Am I enough? Am I doing enough?

There is no duty we so much underrate as the duty of being happy. By being happy we sow anonymous benefits upon the world. - Robert Louis Stevenson
Look all around, and what do I see / Anything I want to, surrounding me / Can’t change the world, or what it believes / But when I look in the mirror, I’ll believe in me / Cos the moment is near, and I can only do the best with what I’ve got - that’s what takes me higher, yeah / no more tears, only sunshine in the rain - that’s what takes me higher / no more fear, just an open doorway in my mind - that’s what takes me higher. - Sarah Caltieri, No More Tears
We live in a house of mirrors / Reflections don’t make it clearer / Do we wait, meditate or fade away? / Everyone's so serious, and on the run / We should be delirious, and having fun / Slow down, look around, you wear the crown / Time flies, in a second / Close your eyes, you’re going to miss it / Oooh I found the secret / All we gotta do, all we gotta do, is / Dance, sing, laugh, love / You want it, you want it / Dance, sing, laugh, love / You got it, you got it / Dance, sing, laugh, love / You want it, you got it / Life should make you feel good / Life should make you feel good. - Jewel, Dance Sing Laugh Love

I’ve been struggling a bit lately with a sense of mediocrity and a feeling of confusion about what I should be trying to do with my life. I can’t seem to shake the belief that I owe someone something for my existence. That I need to make it worth the while. But I don’t know what that even means, and it’s too easy to look at myself and find fault with how I’m doing.

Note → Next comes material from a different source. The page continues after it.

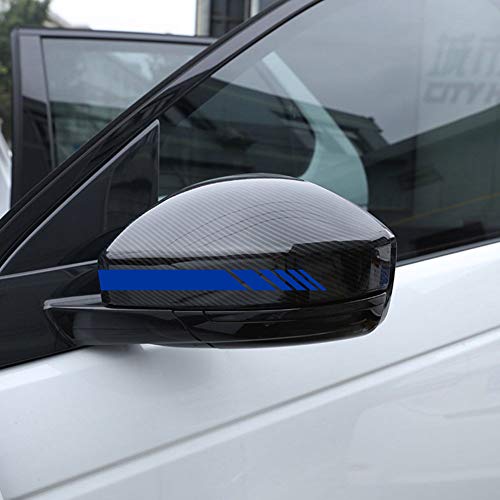 Autodomy Rückspiegel Aufkleber Stickers Auto mit Streifen Design Stripes Tuning 6 Stück mit Unterschiedlichen Breiten Sportdesign | Auto Tuning Aufkleber Streifen Blau von AUTODOMY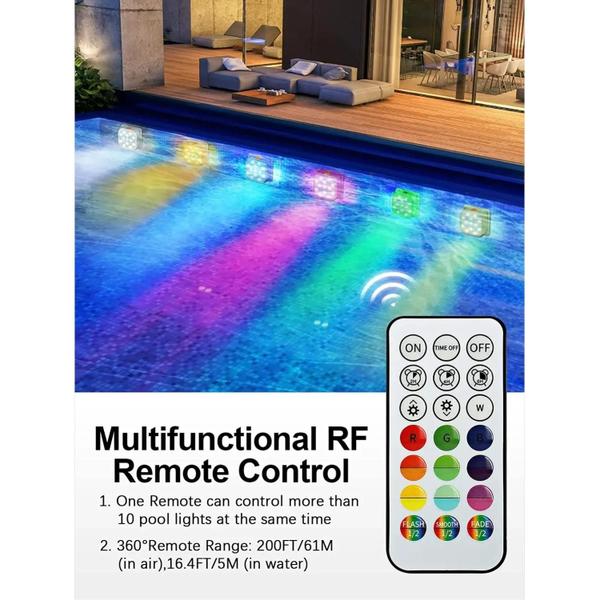 Imagem de Luzes Submersíveis de LED Recarregáveis para Piscina - Luzes Subaquáticas com Mudança de Cor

Part of the answer is to see that I am just a phenomenon that this universe has produced, not a true ‘self’ with unlimited agency and free will. To judge myself negatively for being anxious or unfocused or socially challenged is as inappropriate as judging a tree negatively for growing tall. Recognising my limitations, I’m always left with just disappointment that I’m not someone else, someone that would seem better to me. But that’s ego, identifying too strongly with this temporary, emergent self, as if there is some ‘I’ at the root of it that could be held responsible for its quality as measured on some arbitrary scale.

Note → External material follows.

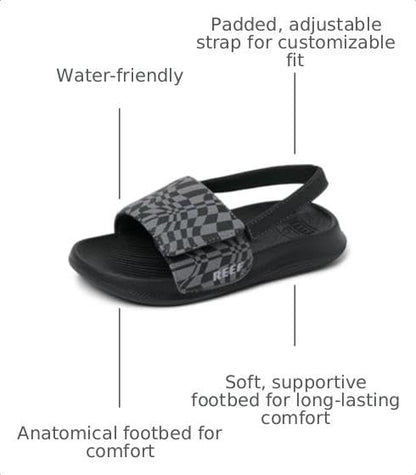 REEF Boys Sandals, Toddler/Little Kid Salty Slide, Black/White, 8REEF Boys Sandals, Toddler/Little Kid Salty Slide, Black/White, 8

The other part of the answer, I’ve now concluded, is that the best and most meaningful way to live is to constantly look for what good you can do and do it. And I don’t want to limit ‘good’ to some worthy, moralistic sense of doing charitable acts. Years ago on another blog I wrote about how multicolour, paradoxical, surprising and amazing goodness can be when you stop trying to squeeze it into simple and legalistic boxes. It’s worthwhile to remind myself about that. Goodness is anything that brings anyone joy, or that lifts anyone higher. Including you yourself. And you have to feel into that to know. It can take the form of overcoming a challenge; following a passion and pushing the limits of what you can do (watch Until The Wheels Fall Off for a stunning example of that); sharing a vulnerability and making a connection; creating something beautiful. Not everyone can make large-scale contributions to stopping wars, fighting corruption and injustice, developing solutions to complex global problems, etc. But I think we all have ways available to us of turning towards the good. Maybe we just need to stop and look for it every now and then.

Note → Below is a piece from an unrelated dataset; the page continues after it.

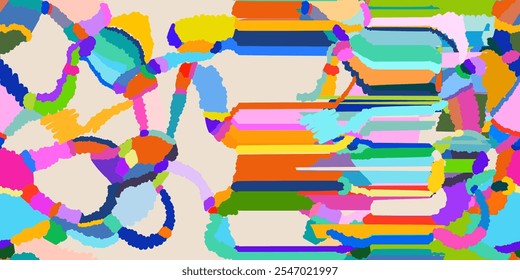Artistic hand drawn playful pattern. Unique abstract print. Fashionable template for design. 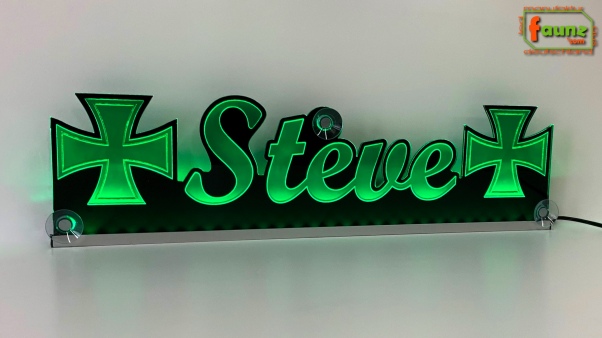 LED Namensschild Symbolik Eisernes Kreuz Gravur "Steve" oder Wunschname als Konturschnitt - Truckerschild Neonschild Leuchtschild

For me one of the biggest things keeping life bleak, mediocre, and meaningless is excessive fear. It turns things into black-and-white absolutes (i.e. X would be absolutely bad, and absolutely must not happen), which is not accurate. Sometimes embodying or achieving something good incurs a risk of bad things that can be worth it. Sometimes bad things even bring unexpected good, or can be made to produce goodness. (Absolutism about that has always been much harder for me to swallow, funnily enough. I don’t believe that what doesn’t kill you always makes you stronger… if this was true we should wish non-fatal calamities on everyone we care about. Similarly, always had issues with “suffering is a choice” and circumstances being indifferent with regard to wellbeing. Maybe another post some time.)

I guess I wanted to live a life that was about something more important or impressive than a struggle with anxiety. Of course, my life is more than that. That thought itself is another distortion. But that struggle chose me, even if I didn’t choose it.

Excessive fear is a big road block but it’s a potential gift, in a way, because it’s a huge mass of potential for goodness, for meaning, for joy. There is nothing quite like that heady feeling of freedom when you conquer your fear.